The data
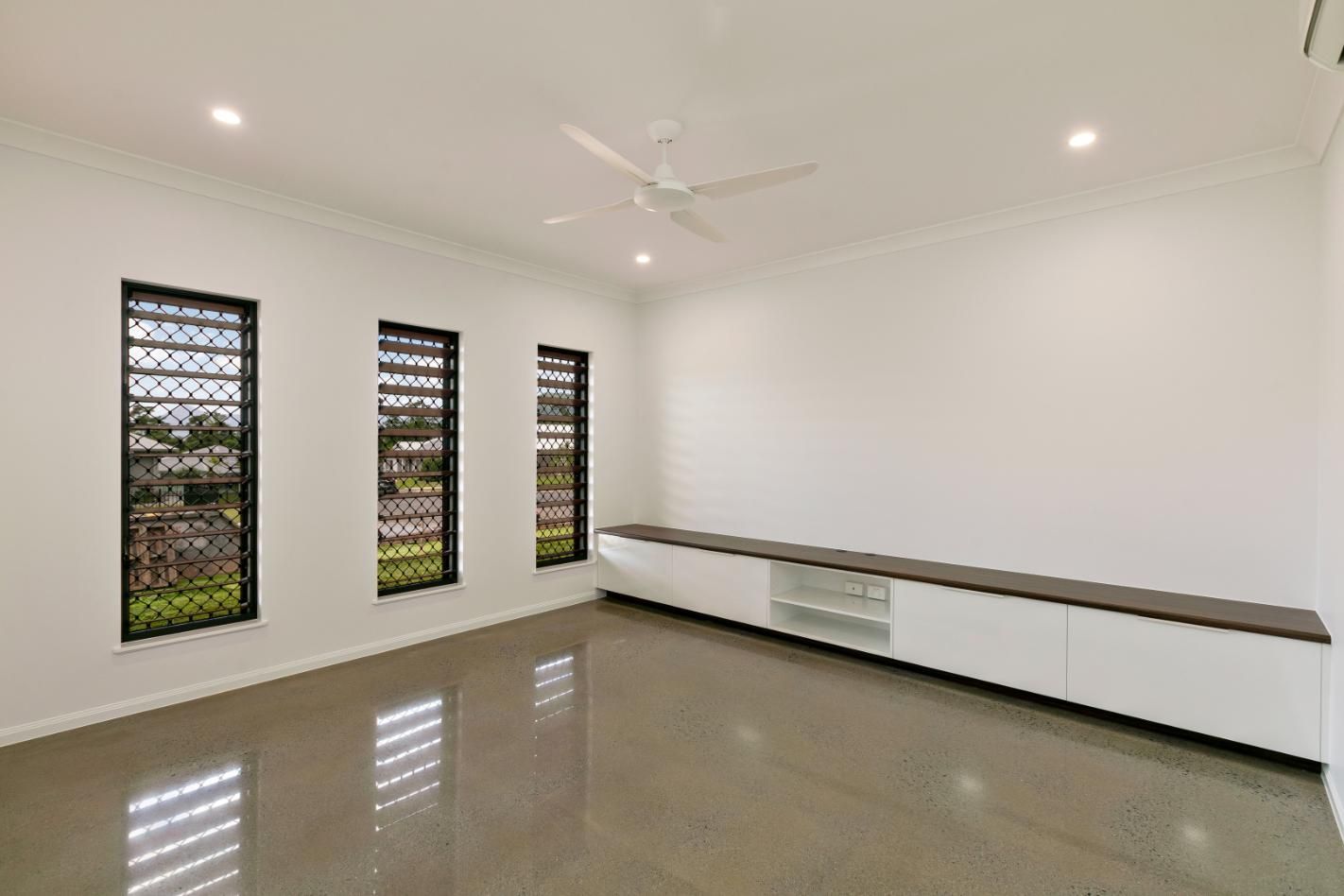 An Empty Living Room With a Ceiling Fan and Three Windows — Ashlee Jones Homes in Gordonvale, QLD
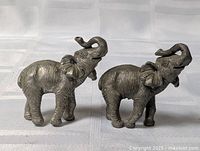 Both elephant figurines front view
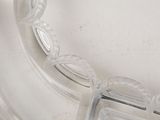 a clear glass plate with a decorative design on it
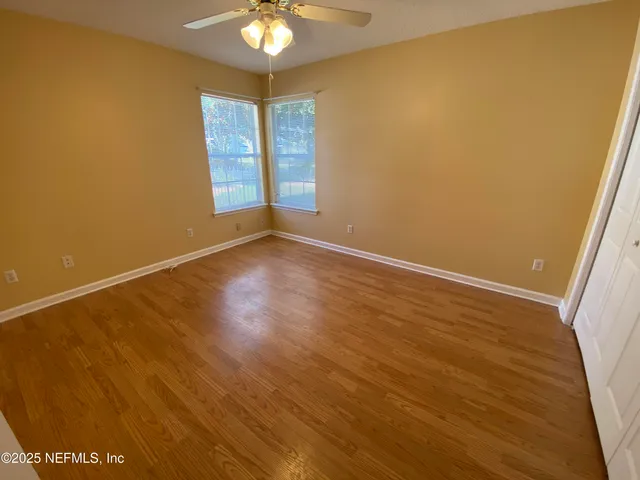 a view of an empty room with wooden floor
...
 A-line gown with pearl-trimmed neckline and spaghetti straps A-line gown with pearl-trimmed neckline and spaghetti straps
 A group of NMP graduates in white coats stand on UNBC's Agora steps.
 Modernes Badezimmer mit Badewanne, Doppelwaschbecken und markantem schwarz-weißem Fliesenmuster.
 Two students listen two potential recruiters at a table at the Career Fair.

Problem statement
Write out exactly the lines above from the line with "A group of NMP" through the line with "Two students listen", both of them included, and leave out all other lines.

Solution
 A group of NMP graduates in white coats stand on UNBC's Agora steps.
 Modernes Badezimmer mit Badewanne, Doppelwaschbecken und markantem schwarz-weißem Fliesenmuster.
 Two students listen two potential recruiters at a table at the Career Fair.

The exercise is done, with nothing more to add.